The CPI measures current price levels for the goods and services that Americans buy. The Bureau of Labor Statistics collects price data on a basket of different items, ranging from necessities like food, clothing and housing to more discretionary expenses like eating out and entertainment. The resulting figure is then compared to those of previous months to determine the inflation rate, which is used in a variety of ways, including cost-of-living increases for Social Security and other government benefits.
The unemployment rate measures the percentage of workers within the total labor force who don't have a job, but who have looked for work in the past four weeks, and who are available to work. Those temporarily laid off from their jobs are also included as unemployed. Yet as critical as the figure is as a measure of how many people are out of work and therefore suffering financial hardship from a lack of a paycheck, one key item to note about the unemployment rate is that the number does not reflect workers who have stopped looking for work entirely. It's therefore important to look beyond the headline numbers to see whether the overall workforce is growing or shrinking.
The trade deficit measures the difference between the value of a nation's imported and exported goods. When exports exceed imports, a country runs a trade surplus. But in the U.S., imports have exceeded exports consistently for decades. The figure is important as a measure of U.S. competitiveness in the global market, as well as the nation's dependence on foreign countries.

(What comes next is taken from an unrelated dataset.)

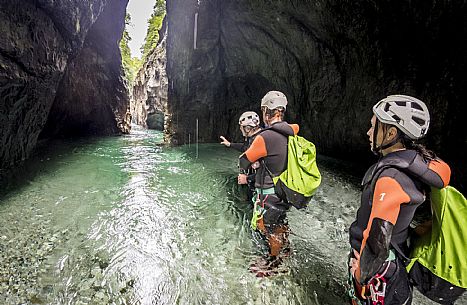 Canyoning in Rio Pielungo, Val d’Arzino Friuli Venezia Giulia, Italy. Participants navigate a spectacular canyon system carved into limestone and dolomite rock, progressing through narrow gorges, natural pools, waterfalls and rope descents under the supervision of the guide. The Rio Pielungo is considered one of the most scenic canyoning routes in the region, combining technical progression, geological interest and a uniquely wild atmosphere shaped by water and time.  [IT] Canyoning nel Rio Pielungo, Val d’Arzino (Friuli Venezia Giulia, Italia). I partecipanti attraversano uno spettacolare sistema di canyon scavato nelle rocce calcaree e dolomitiche, avanzando tra strette gole, pozze naturali, cascate e calate su corda sotto la supervisione di una Guida certificata. Il Rio Pielungo è considerato uno dei percorsi di canyoning più suggestivi della regione, grazie alla combinazione di progressione tecnica, interesse geologico e un’atmosfera autenticamente selvaggia modellata dall’acqua e dal tempo.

Each month, the Bureau of Economic Analysis measures changes in the total amount of income that the U.S. population earns, as well as the total amount they spend on goods and services. But there's a reason we've combined them on one slide: In addition to being useful statistics separately for gauging Americans' earning power and spending activity, looking at those numbers in combination gives you a sense of how much people are saving for their future.
Consumers play a vital role in powering the overall economy, and so measures of how confident they are about the economy's prospects are important in predicting its future health. The Conference Board does a survey asking consumers to give their assessment of both current and future economic conditions, with questions about business and employment conditions as well as expected future family income.
The health of the housing market is closely tied to the overall direction of the broader economy. The S&P/Case-Shiller Home Price Index, named for economists Karl Case and Robert Shiller, provides a way to measure home prices, allowing comparisons not just across time but also among different markets in cities and regions of the nation. The number is important not just to home builders and home buyers, but to the millions of people with jobs related to housing and construction.
Most economic data provides a backward-looking view of what has already happened to the economy. But the Conference Board's Leading Economic Index attempts to gauge the future. To do so, the index looks at data on employment, manufacturing, home construction, consumer sentiment, and the stock and bond markets to put together a complete picture of expected economic conditions ahead.